(Data items)
--
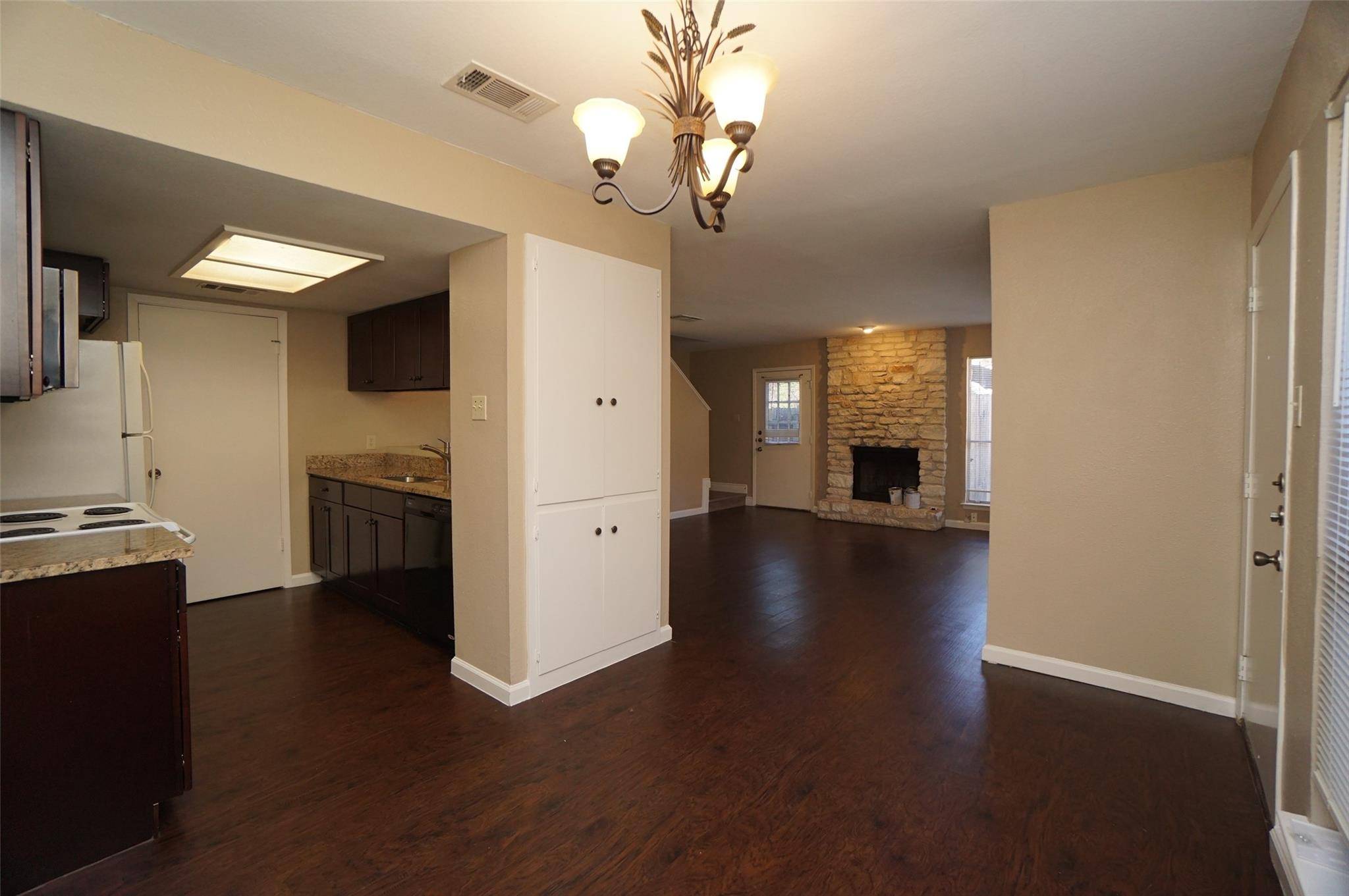 9100 Mountain RDG #6A, Austin, TX 78759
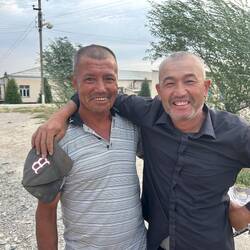 Aktam, notre hôte en Workaway (à droite) et son ami d'enfance
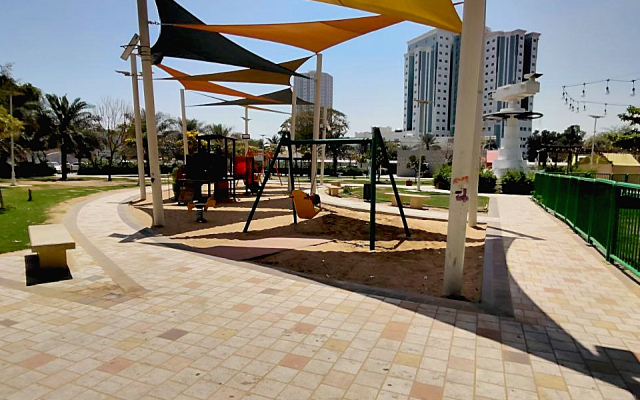 Ajman Family AIDEN Premium VIP Apart-hotel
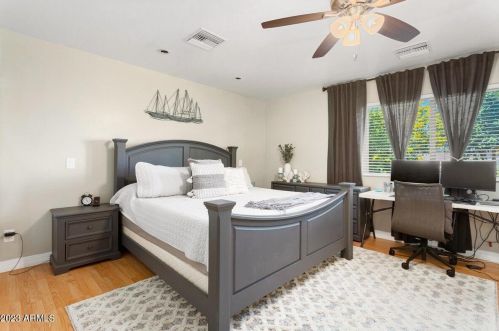 9604 15 Pl, Phoenix AZ 85024-3649 exterior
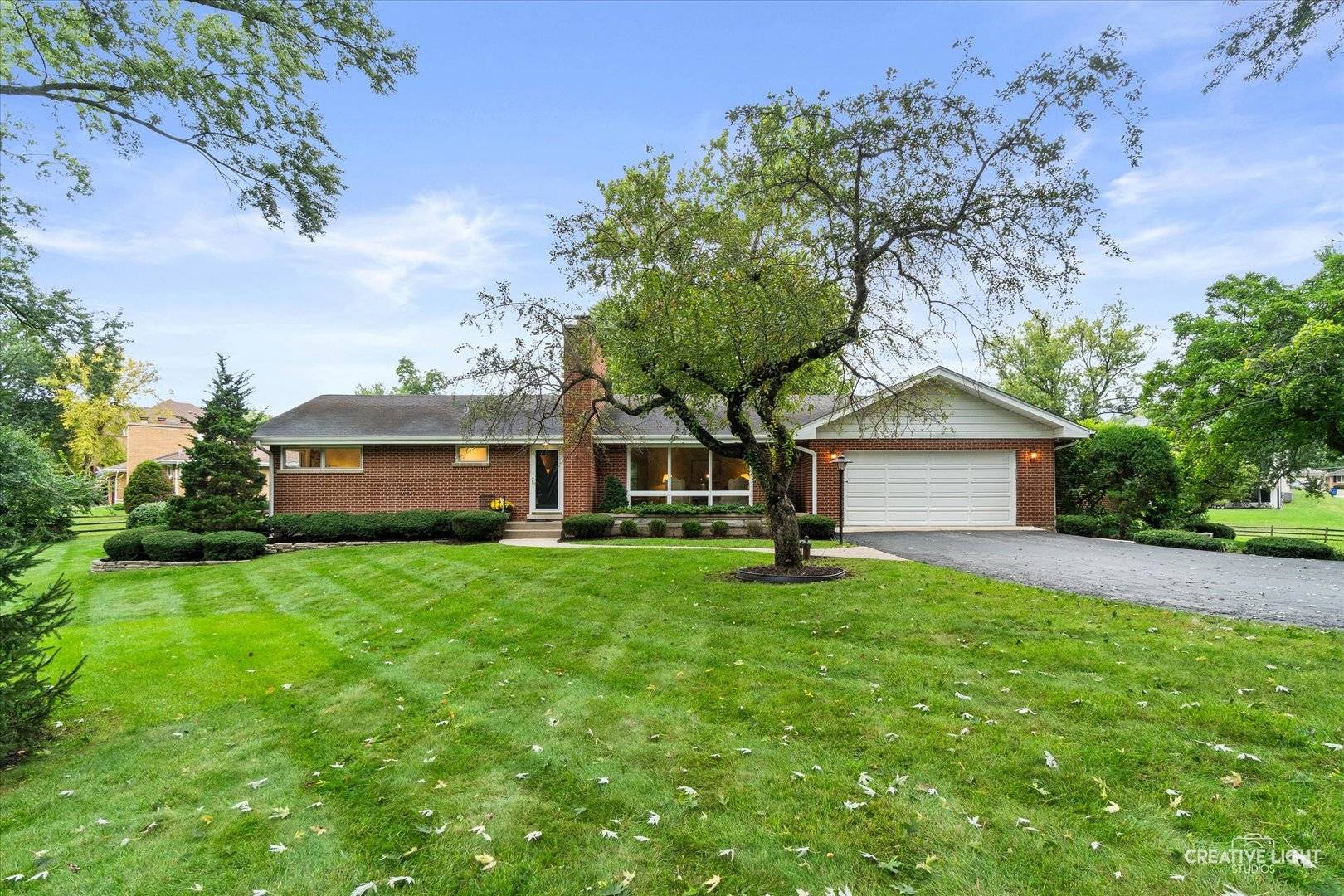 Address not disclosed, Glen Ellyn, IL 60137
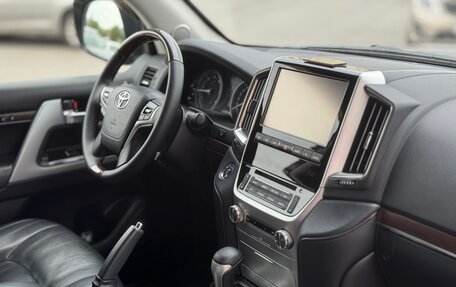 Toyota Land Cruiser 200, 2015 год, 5 150 000 рублей, 28 фотография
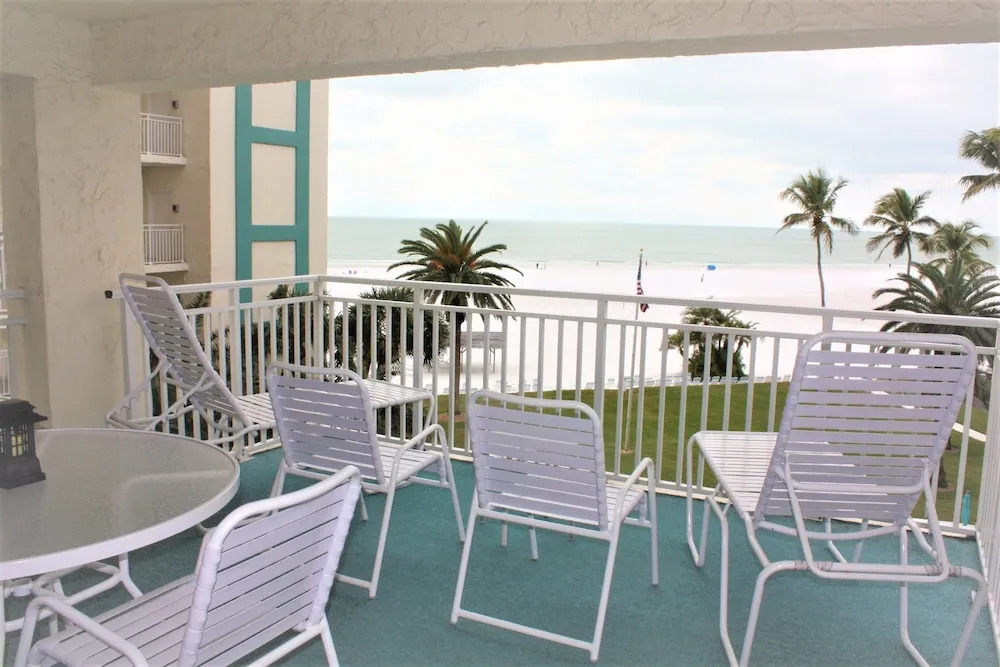 Jamaica Royale 406 - 2 Br Condo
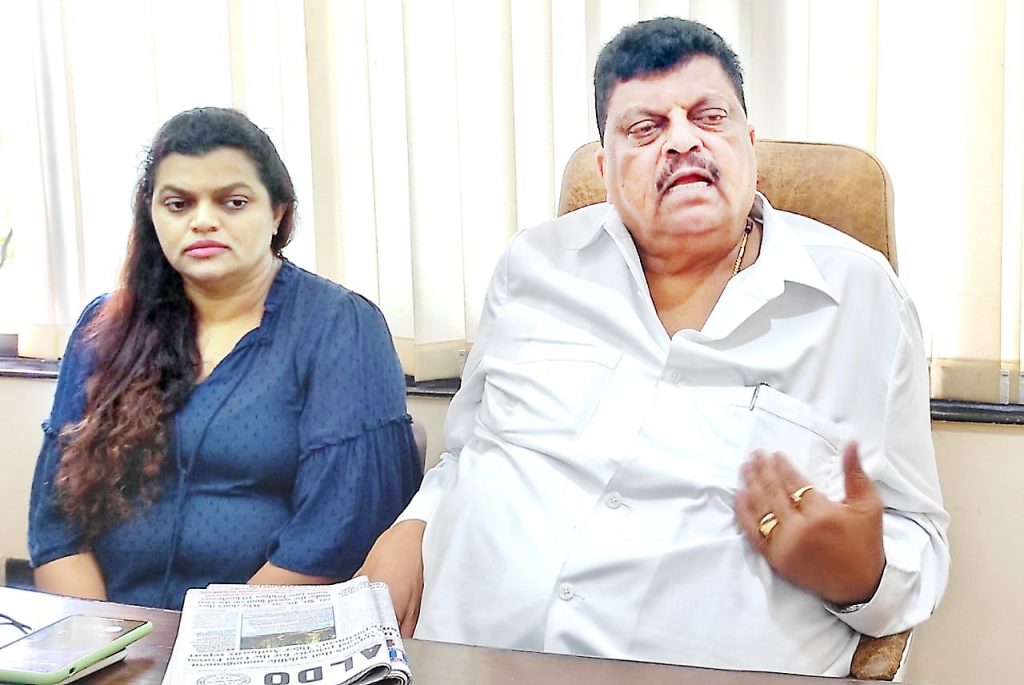 स्टिल्ट पुलाबरोबर साळ नदीतील गाळ उपसणेही गरजेचे Along with the stilt bridge, it is also necessary to pump the silt from the river Sal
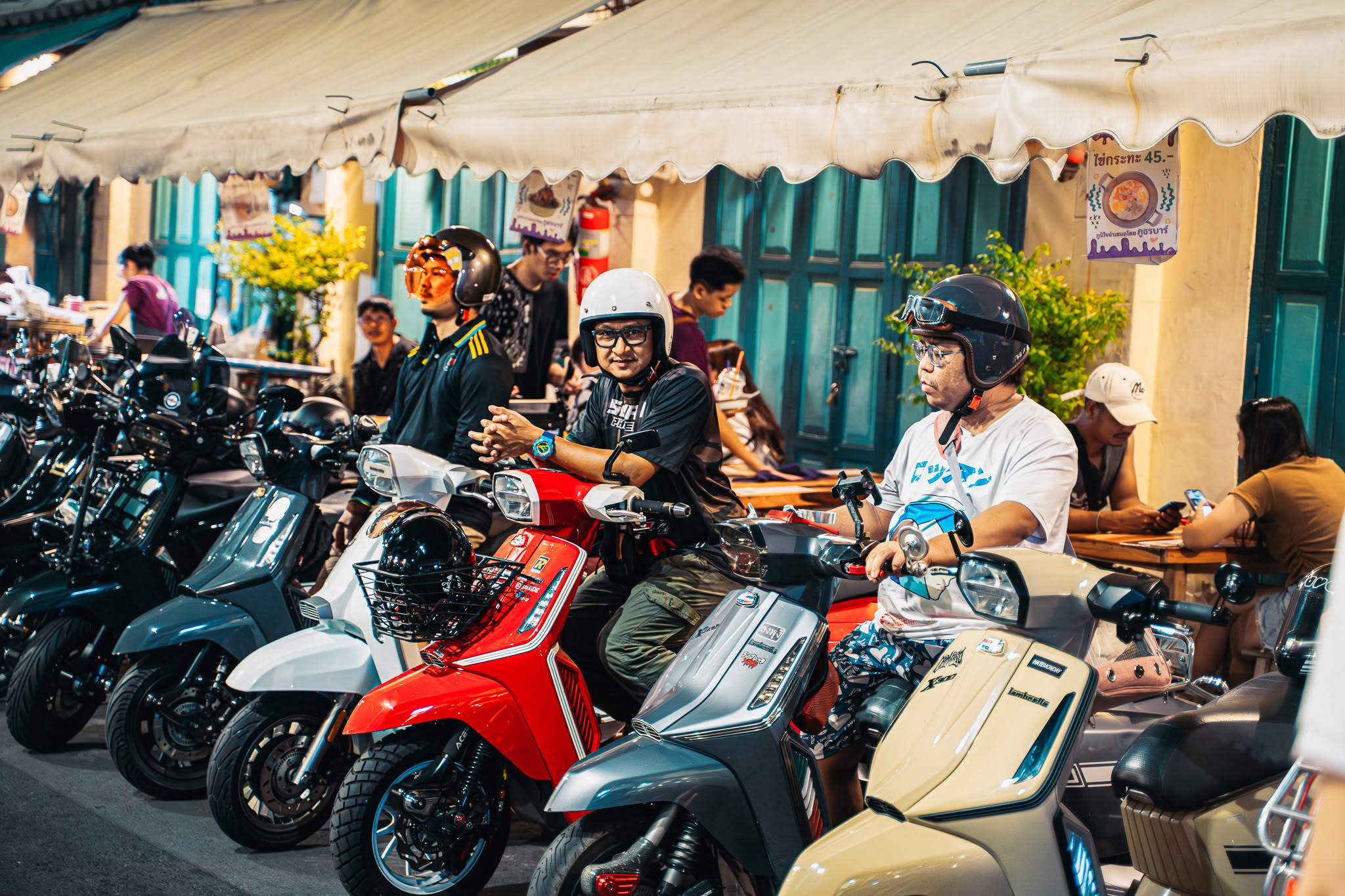 Lambretta-Meeting-nightride-phranakhon-06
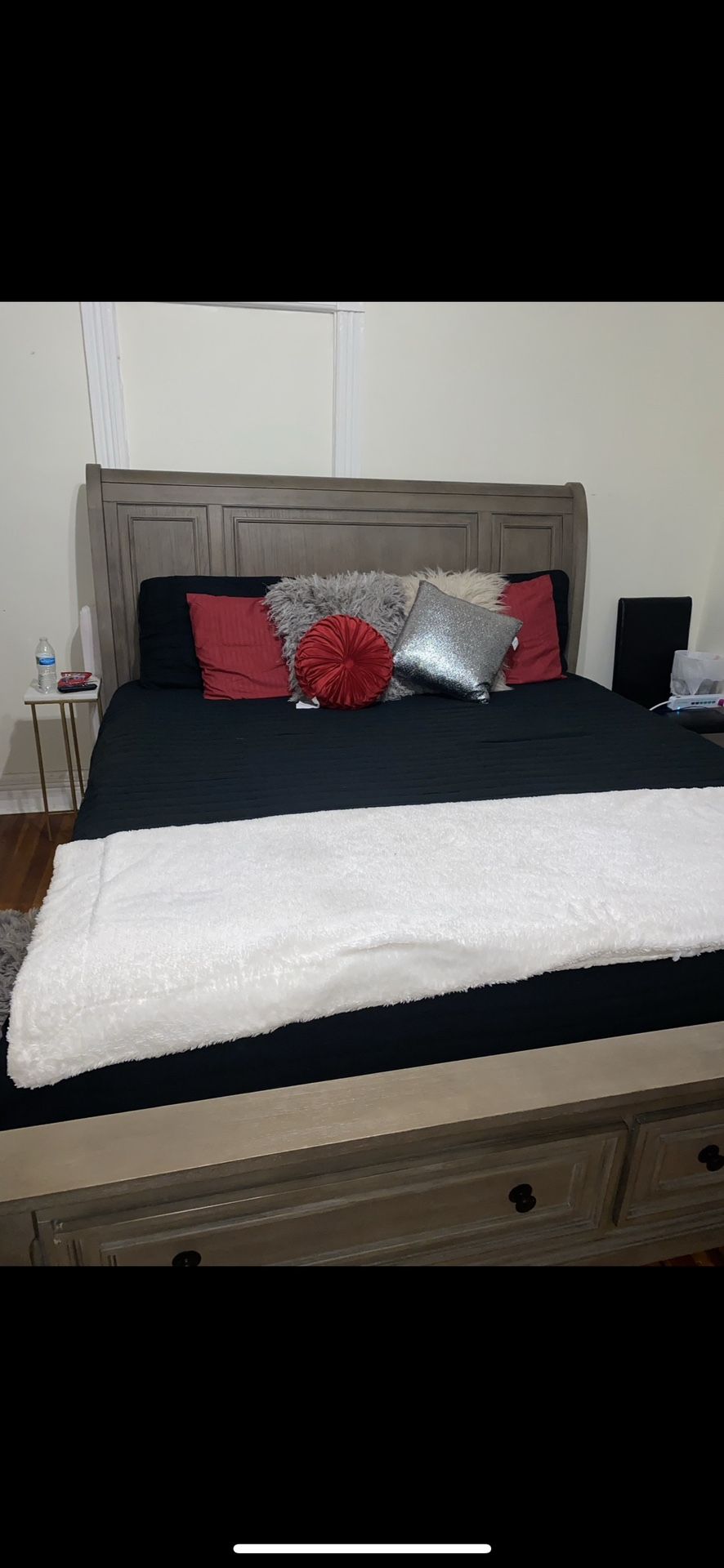 Dresser And King Size Bed With 2 Drawer Storage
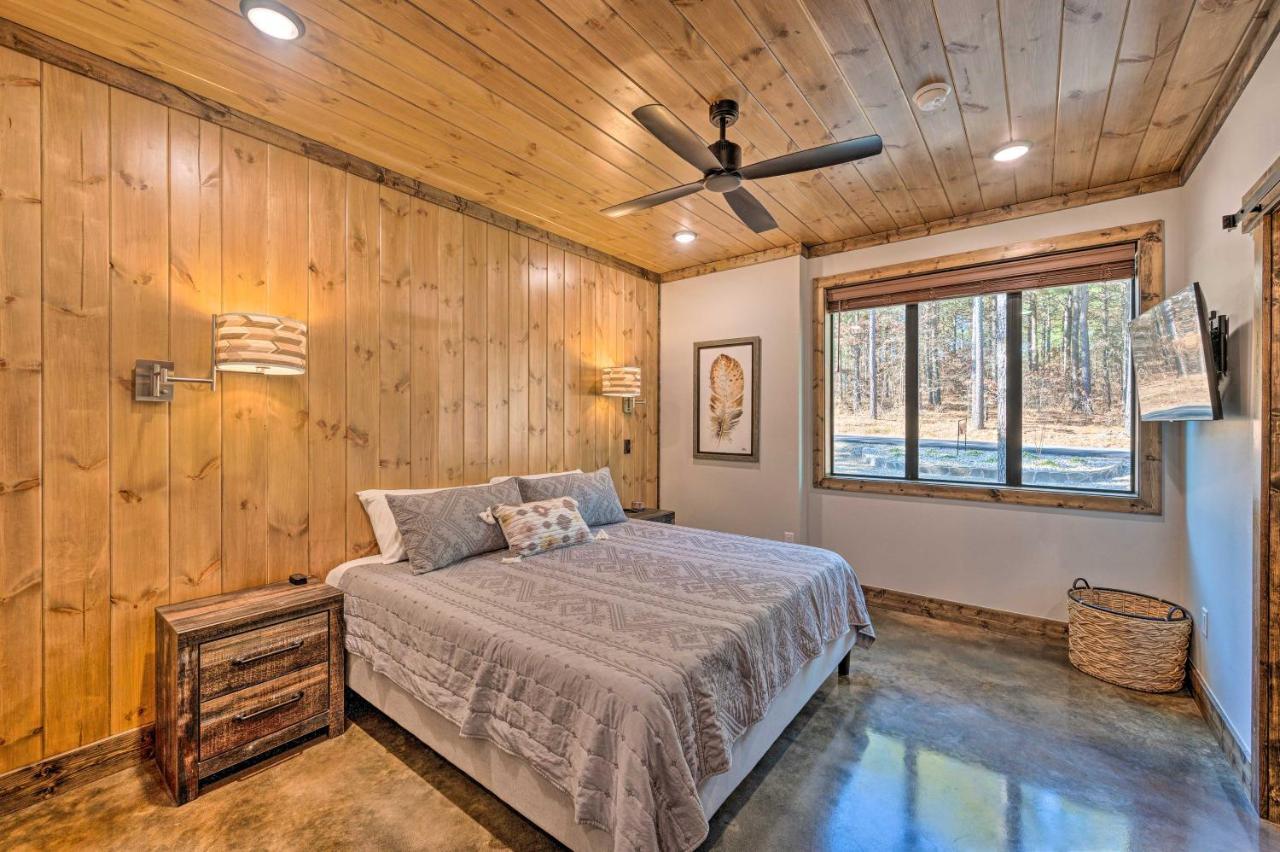 Broken Bow Lazy Dog Lodge With Hot Tub, Pool Table ภายนอก รูปภาพ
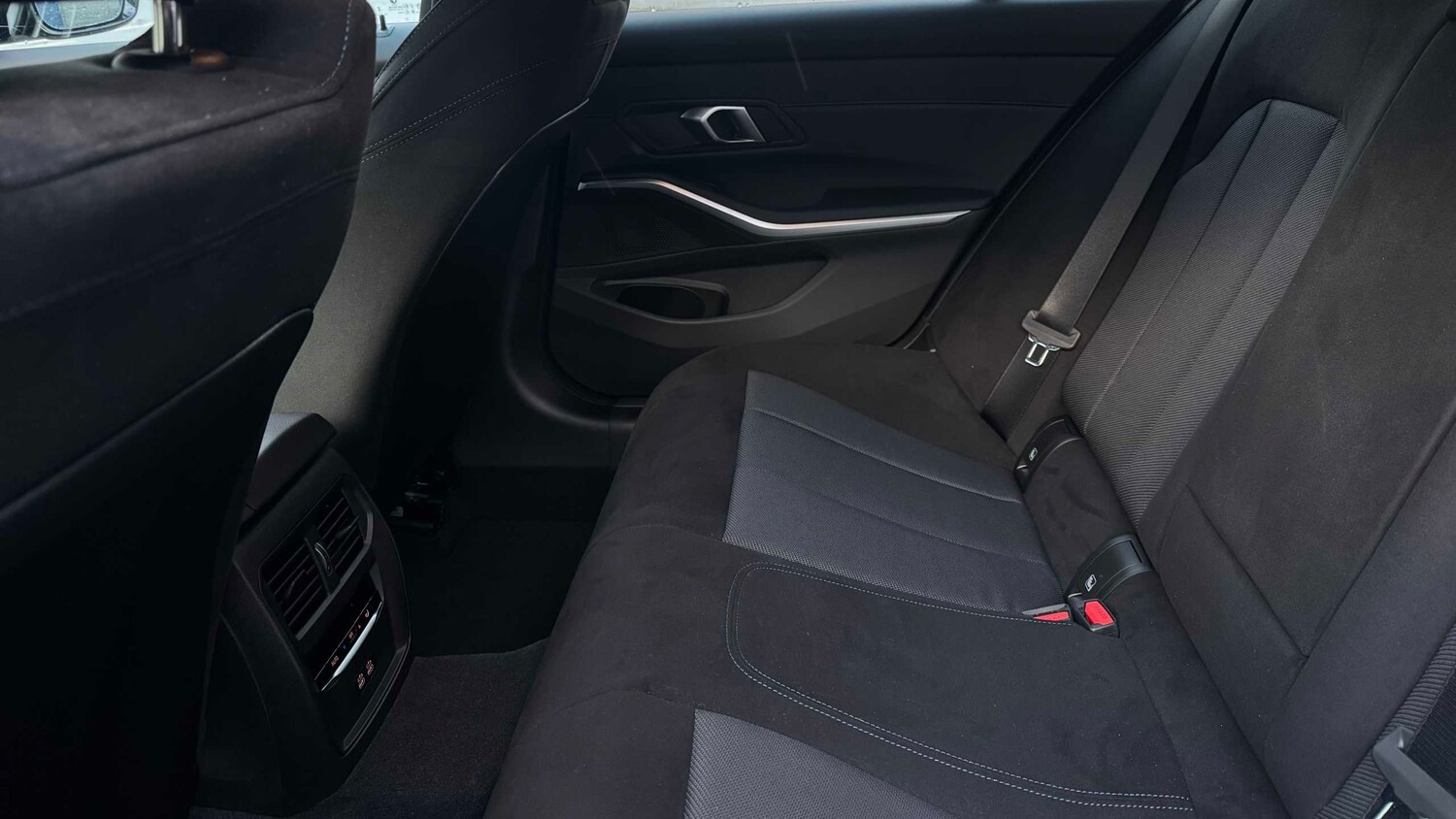 Used BMW 3 Series 2025 for sale - 78149190: Photo 8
--
• **THE TASK**
With pictures left out, repeat exactly the lines from the line bearing "Broken Bow Lazy" through the final line of the records above.

• **WRITTEN ANSWER**
 Broken Bow Lazy Dog Lodge With Hot Tub, Pool Table ภายนอก รูปภาพ
 Used BMW 3 Series 2025 for sale - 78149190: Photo 8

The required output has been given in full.